Produce an exact transcription of the data, with the images left out.

Captioned web images
--------

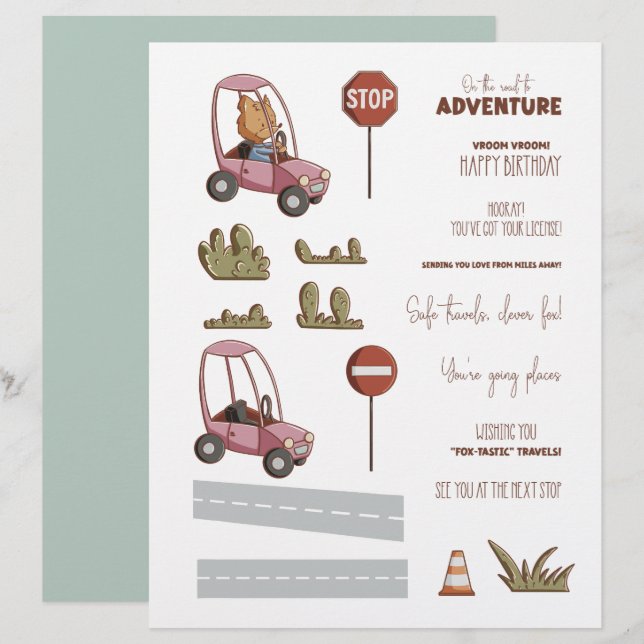 Cute Fox Car Scene Creator Scrapbook Craft Paper (Fram/baksida)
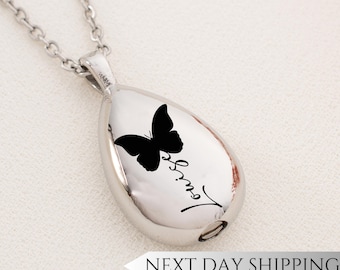 Collar de urna de mariposa personalizado con nombre grabado para cenizas, joyería de recuerdo, soporte para cenizas personalizado, regalo de Navidad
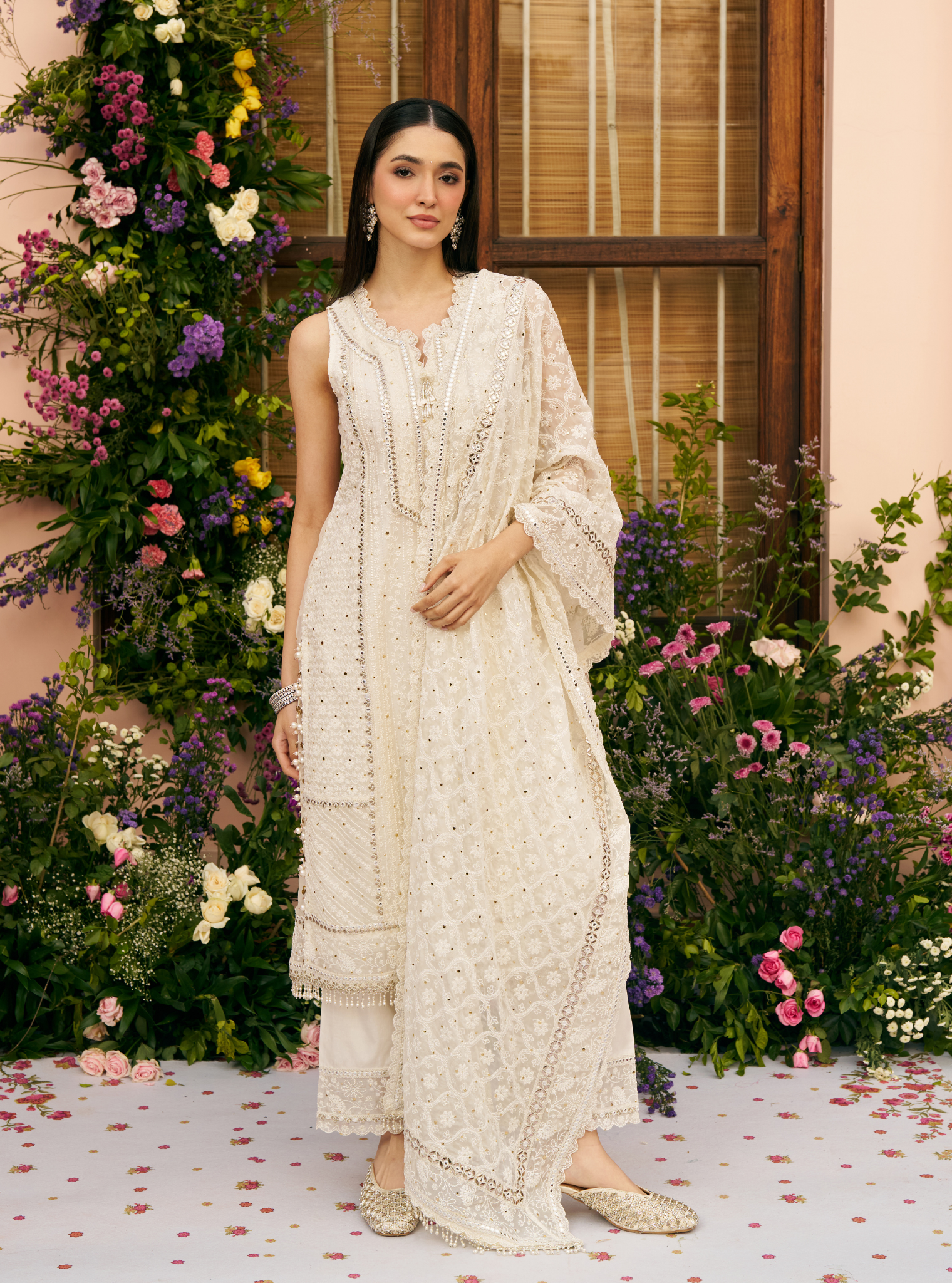 Shringar Organza Off White Kurta Set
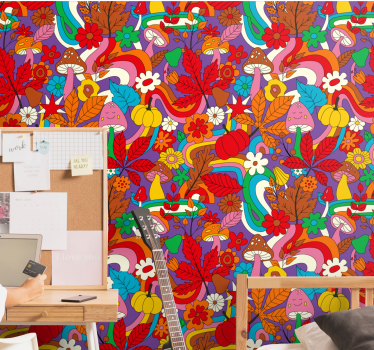 papel de parede floral padrão psicodélico colorido retrô - TenStickers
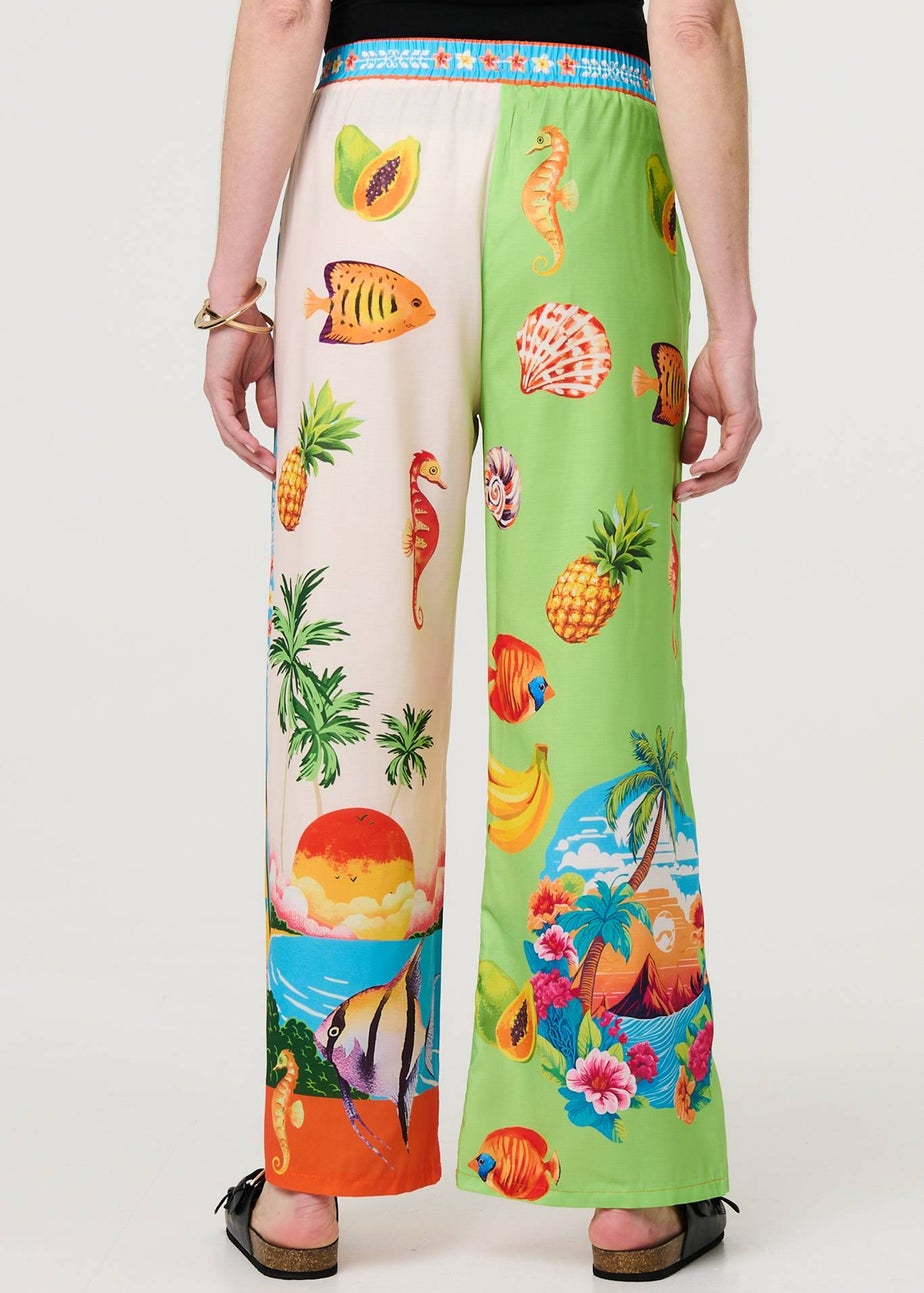 Izabel London White Tropical Print Wide Leg Trousers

--------

### Exercise output
 Cute Fox Car Scene Creator Scrapbook Craft Paper (Fram/baksida)
 Collar de urna de mariposa personalizado con nombre grabado para cenizas, joyería de recuerdo, soporte para cenizas personalizado, regalo de Navidad
 Shringar Organza Off White Kurta Set
 papel de parede floral padrão psicodélico colorido retrô - TenStickers
 Izabel London White Tropical Print Wide Leg Trousers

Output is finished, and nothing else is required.